The three main tests that are carried out as part of MCCB maintenance are described below.
 

Insulation Resistance

This test involves disconnecting the MCCB and testing the insulation between phases and across the supply and load terminals. If insulation resistance has dropped below the values recommended by circuit breaker manufacturer, the MCCB will not be able to provide reliable protection.

Insulation resistance varies according to the MCCB model, but for a unit in good conditions it will be in the megohms range (millions of ohms).
 

Contact Resistance

This test consists on testing the resistance of the electrical contact. As in insulation testing, the measured values must be compared with manufacturer provided values.  Under normal conditions, contact resistance is a very low value since the MCCB must allow operating current through with a minimal voltage drop.
 

Tripping Test

This test consists on simulating overcurrent and fault conditions, and observing the response of the MCCB. Since this test involves high current and the MCCB will heat, it must be carried out last – otherwise the insulation and contact resistance measurements will be altered by temperatures. Normally, this test consists of two parts:

Thermal protection is tested by submitting the MCCB to a large current, for example 300% of the rated value. If the breaker doesn’t trip correctly, thermal protection is failing.

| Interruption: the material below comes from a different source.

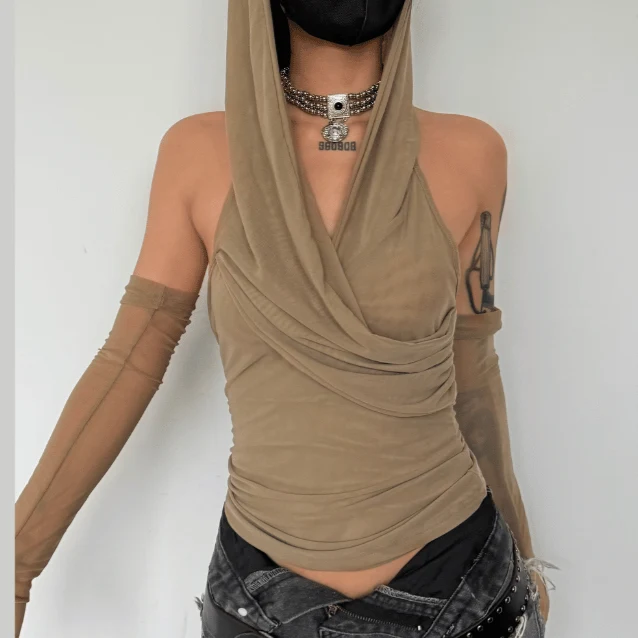 Hoodie handschoenen doorschijnend mesh top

Magnetic protection is tested with short pulses of very high current that simulate a fault. Short pulses are used due to the fact that an electric fault is extremely dangerous. However, since magnetic protection is instant, short pulses can be used for testing purposes.
 

Molded Case Circuit Breaker Maintenance

Since molded case circuit breakers protect important loads that typically draw high currents, periodic maintenance and testing are fundamental in order to guarantee reliable operation. Normally, maintenance procedures for MCCBs include:

- Visual inspection
- Lubrication
- Cleaning
- Testing –as above
 

Visual inspection

As its name implies, visual inspection involves looking for signs of damage to the MCCB. Some specific signs to look out for include:
- Deformed contacts or cracks in the casing and insulation, which is a sign of overheating
- Burns in the contacts or casing, which is a sign of electric arcing

It is important to note that some MCCB models can be opened, while others are factory sealed. If the model is openable, it is recommended to carry out a visual inspection of the internal components as well.
 

Lubrication

Since this procedure requires opening the MCCB, it is only possible for models that allow it. Adequate lubrication ensures that the manual disconnection switch and the internal moving parts will operate smoothly. This is very important during a fault, where the internal mechanism must operate within a short timeframe.
 

Cleaning

Dirt can cause a deterioration of MCCB components over time. If dirt includes a conducting material, there is also the risk of creating a path for current and causing an internal fault. Normally, a vacuum cleaner is used to remove dirt from an MCCB.
Adequate cleaning helps with visual inspection, since damage signs may not be so obvious if the molded case circuit breaker is dirty.
 

Conclusion

Molded case circuit breakers are a fundamental component of electrical protection for high-current applications, or whenever adjustable trip settings are required. Adequate sizing and maintenance of an MCCB are key elements in order to guarantee safe and reliable operation in the long term.